Here is a bit more info. We have actual steam consumption data for the building going back many years. We have picked a representative year to base our comparison on, HDD data for the year looks in-line with the past 10 year average, we have month to month data. Both the district steam supplier and potential gas supplier have looked at this assumption and agree it is good data to use. We have both consumption and demand data from the district steam invoice for this period. Consumption is 36,000 Mlb and peak demand has been about 12,000 lbs/hr, the boiler plant has been specified given this information. We think we have a good feel for the project cost, should be about $4M, including A/E fees. We have seen very good pricing for these types of projects in our depressed construction market, I suspect it may very well go lower. Anyway, we will have hard bids soon to put a firm figure on that cost.
We have addressed fuel, non-fuel, and demand costs on the district steam side. They are using all natural gas like we will and have installed cogeneration equipment that will give them an edge of about 7% on carbon emissions, assuming a 10% system loss (they are looking at giving us a better number for this, they apparently don't have it handy). I'm waiting on our energy guy to give me a figure for the value of the carbon difference, which will subtract from the boiler install side, though at first glance, he believes it is not significant.

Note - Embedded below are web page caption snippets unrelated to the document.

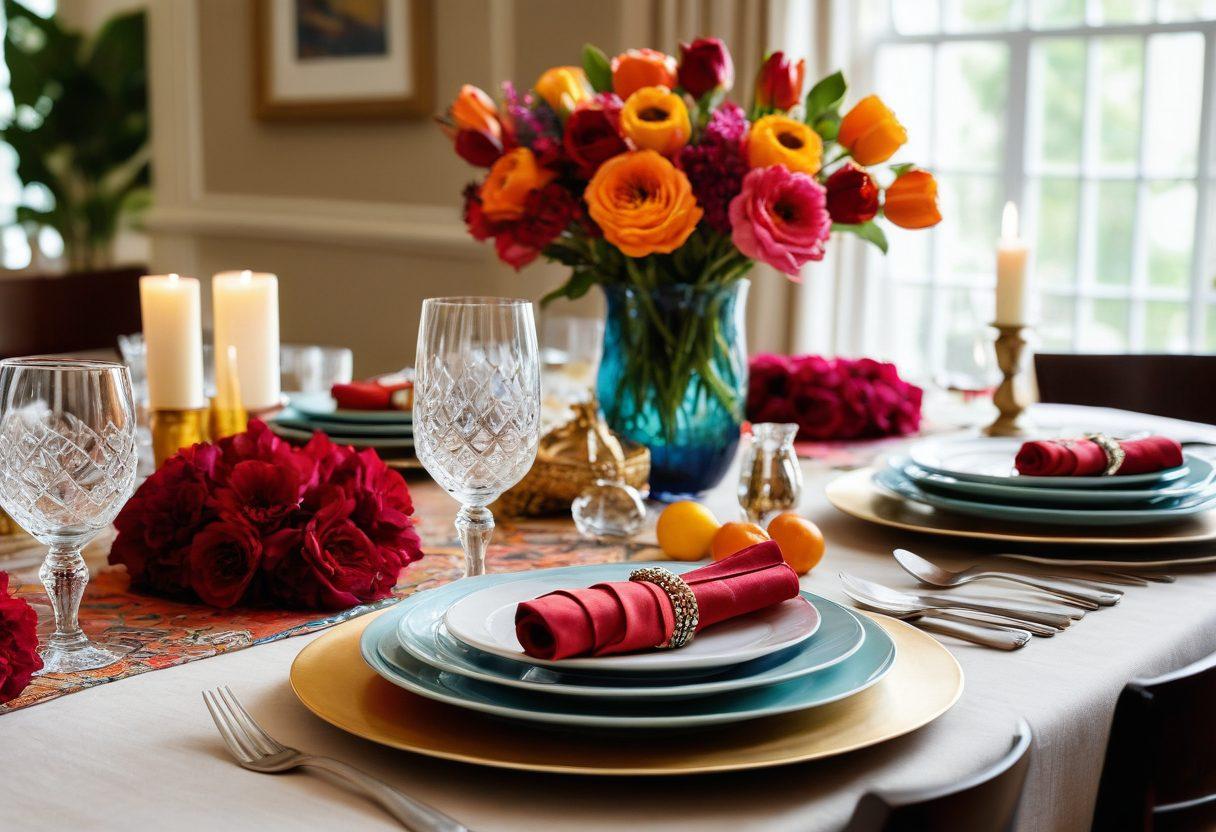 A beautifully set dining table showcasing elegant designer tablecloths and sophisticated table accessories, surrounded by vibrant florals and unique tableware. The atmosphere should feel warm and inviting, with soft lighting enhancing the luxury of the decor. Include elements of modern design and textures to inspire readers on a dining experience upgrade. super-realistic. vibrant colors. warm ambiance.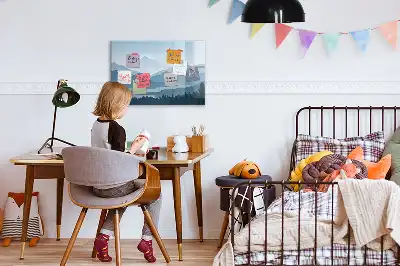 Magnetic marker board with mountain landscape design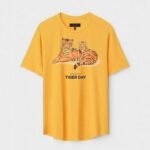 Yellow Unisex Polyster Regular Fit Printed Round Neck T-Shirt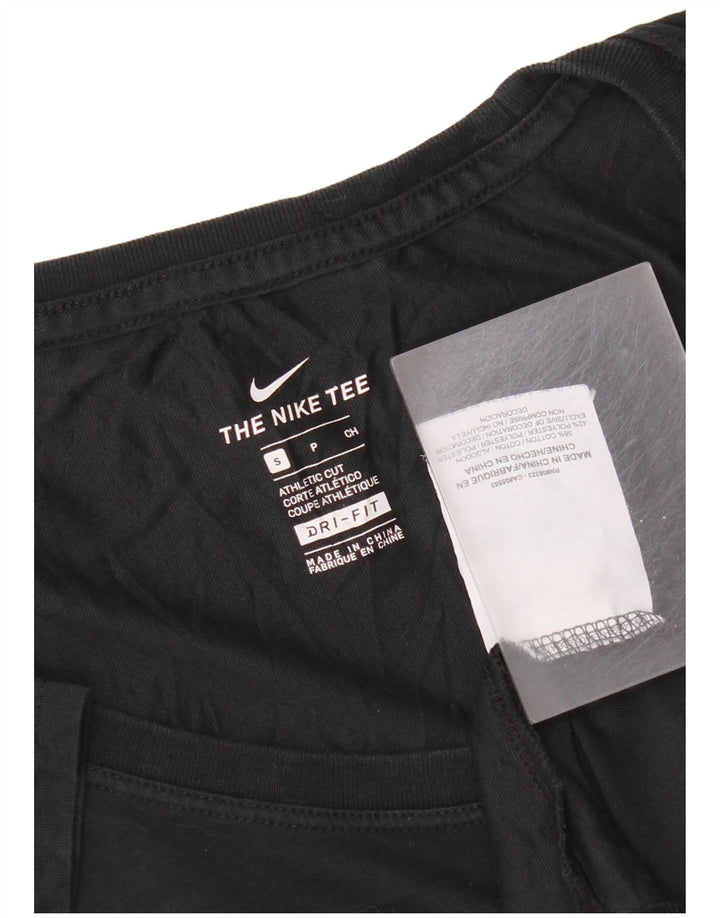 Nike Dame Athletic Cut Grafisk T-Shirt Top UK 10 Small Black Bomuld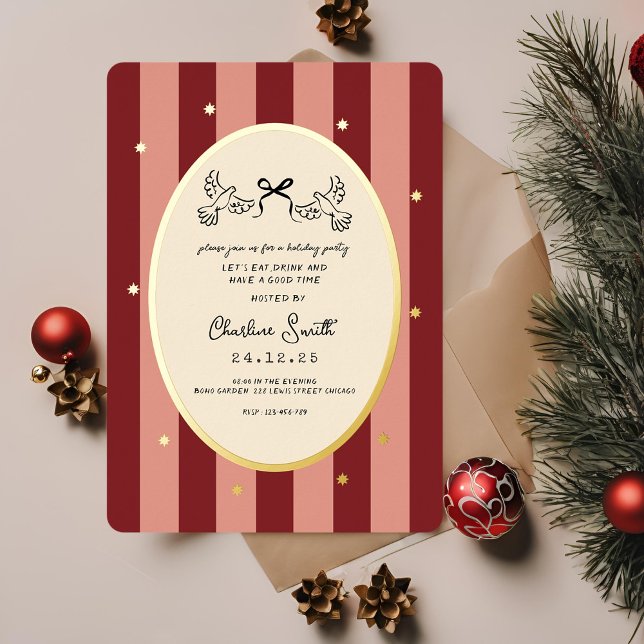 Festive Red Striped Holiday Party Invitation Folieneinladung (Von Creator hochgeladen)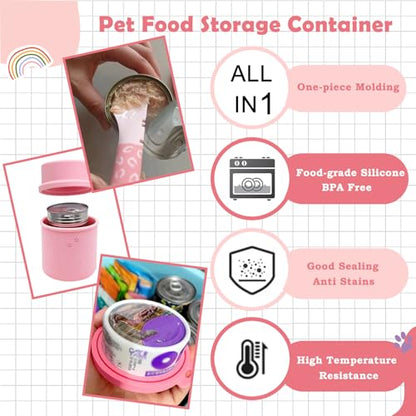 Original Canned Dog Food Storage Container | Wet Food Can Opener Spoon | Silicone Pet Can Lid | BPA Free, Airtight, Dishwasher & Freezer Safe(Pink) - color: Pink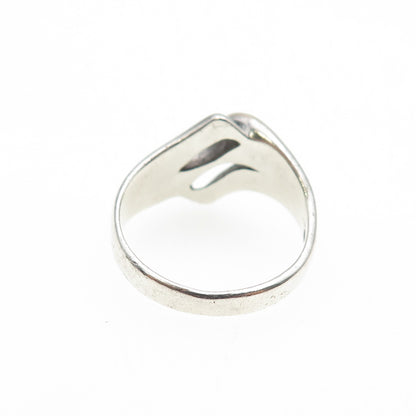 925 Sterling Silver 10K Gold Vintage Modernist Wavy Ring Size 6.75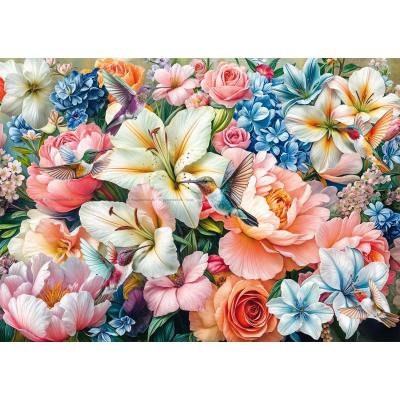 Billede af Kolibrier i blomsterhav, 1000 brikker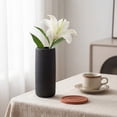 thumbnail image 3 of REGALWOVEN Modern Cylinder Ceramic Flower Vase, Matte Ribbed Decorative Bud Vase, Home Decor Centerpiece for Table, Shelf Matte Black 2.8"L x 2.8"W x 8.0"H, 3 of 6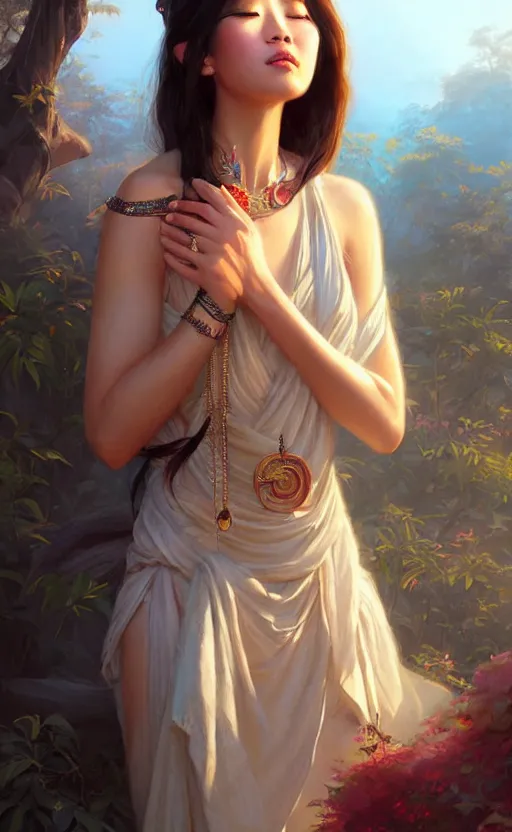 Image similar to a beautiful taiwan goddess with sundress with jewelry | | winter, realistic shaded, unpleasant face, good looking, fine details, realistic shaded lighting poster by greg rutkowski, magali villeneuve, artgerm, jeremy lipkin and michael garmash and rob rey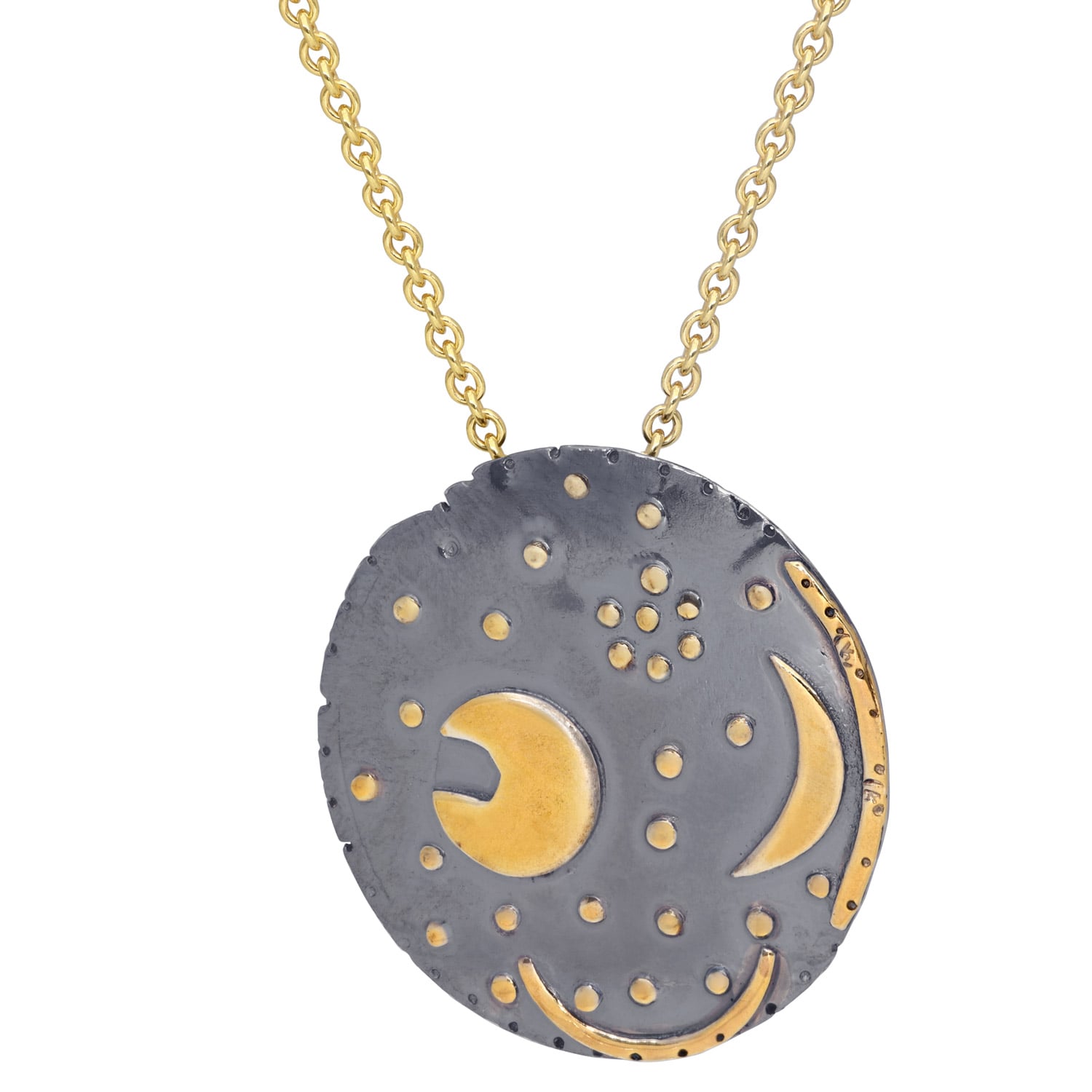 trendor 21452 Damenkette Himmelsscheibe von Nebra Silber schwarz/gold ⌀ 25 mm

For natural gas, we are using the current interruptible rate, which is running about $6.50/MCF. We have included the cost of a maintenance contract and time for building maintenance personnel (about 1 hr/day) on the boiler plant side--plant will be low pressure. Savings amount to about $400,000/year with the boiler install (30 year boilers) and we feel pretty good about that number. Simple payback of 10 years. Discounted payback (2%, per OMB circular A-94, see link below) adds a year or two. I was just wondering at what point does a project like this begin to be questionable from a payback standpoint. Is it 13 years? This is not an energy conservation project, though we do intend on doing some down the road that could adversely impact the return on the boiler install (higher consumption favors the boiler install, lower consumption favors keeping district steam). We estimate we can probably get annual consumption down to 33,000 Mlb/year (10% reduction) and also reduce our peak somewhat. I intend on running some different payback scenarios to see how sensitive the payback is to various cost assumptions.
Certainly there are a number of factors to consider beyond payback, but back to my original question, is there guidance out there, similar to this Presidential Memorandum, but applicable to this type of project (non energy conserving)? I'm trying to track down someone at GSA who could have some insight.
Presidential Memorandum -- Implementation of Energy Savings Projects and Performance-Based Contracting for energy savings | The White House (for energy conservation projects, this not being one)-- 10 years or less.